Foul play ruled out, case closed in death of Air Force spouse at Misawa
By JENNIFER H. SVAN | STARS AND STRIPES Published: August 19, 2006
MISAWA AIR BASE, Japan — The Air Force Office of Special Investigations has ruled out foul play in the death of Air Force spouse Lisa Woodard, whose body was found almost a year ago outside a government housing complex here.
Agent Randy Pendleton, commander of OSI’s 623rd Detachment at Misawa, said in an interview Thursday that OSI closed the case July 28.
The official report says no foul play was involved, Pendleton said. He confirmed that OSI agents believe Woodard’s death was a suicide.
Woodard fell nine stories from the roof of Tower 214. Her body was found the morning of Aug. 29, 2005, near the tower bike racks. The cause of death was impact from the fall, Pendleton said.
The incident sparked rumors around base, including whispers that foul play was involved.
“That was a challenge,” Pendleton said. “We can’t discount rumors until we check it out. Rumors can really frustrate an investigation.”
A combination of base security video camera footage, a timeline analysis, toxicology reports and autopsy results during the 11-month investigation led agents to rule out foul play, Pendleton said.
Footage from a security camera shows Woodard going into Tower 214, Pendleton said, and “we have video watching her travel to the top, by herself in the elevator, the night before.”
Woodard lived a short drive away from the tower, Pendleton said.
“We don’t know why” she chose that tower, he said, adding the door to the roof was unlocked.
It’s believed that Woodard fell from the tower around 4:30 a.m., Pendleton said.
“We had a neighbor that heard a loud crash,” he said.
The video footage of her entering and going up the tower also fits that timeline, he said.
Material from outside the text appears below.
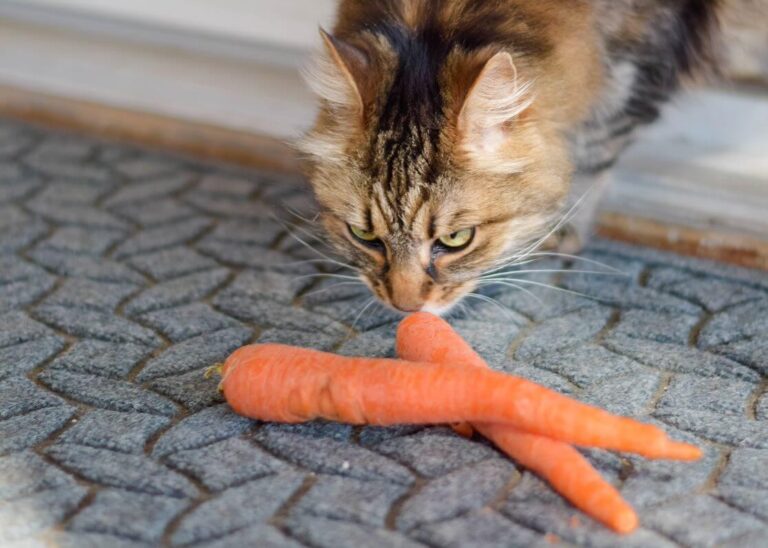 Can Cats Eat Carrots? A Comprehensive Guide For Cat Owners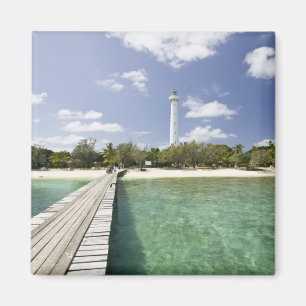 Imán Nueva Caledonia, Isla Amedee. Pier Islet Amedee.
Numerous interviews of Tower 214 residents and those living in adjacent towers, including individuals who lived across the street “who might possibly have been drinking coffee at that time getting ready for work,” yielded no one who saw Wood- ard fall, Pendleton said.
No suicide note was found, Pendleton said, but “she had a history of depression” as determined by interviews and hospital record checks.
Contrary to one base rumor, no drugs were found in Woodard’s system, Pendleton said. However, her blood did show alcohol consumption, he said.
An obituary posted on the Web site of a Lake Charles, La., television station said Woodard, 24, was survived by her husband, Joshua Eugene Woodard; a son; and numerous stateside relatives. Woodard had moved to Misawa in March 2005 with her husband and son after having lived in Lake Charles for most of her life, the obituary stated.
Pendleton said Woodard’s husband was an airman first class who has since left Misawa.
“We’ve stayed in contact with him the whole time,” he said, “as well as with her parents.”
Pendleton said 11 months is not unusually long for an OSI investigation.
“There are cases right now in the Pacific that are taking up to 500 days,” he said. Lab work, especially in death cases, is “the biggest reason our cases take so long,” he said. “We rely on labs back in the States to do that work.”
The investigation, handled exclusively by OSI, was extensive, Pendleton said.
“We exhausted a lot of man-hours going back to the States, interviewing family members, last known contacts she may have talked to,” he said.
“It’s an unfortunate situation,” he added. “Sometimes the complexities of a death can take an investigation a long time. As long as an investigation is open, we cannot talk about it.”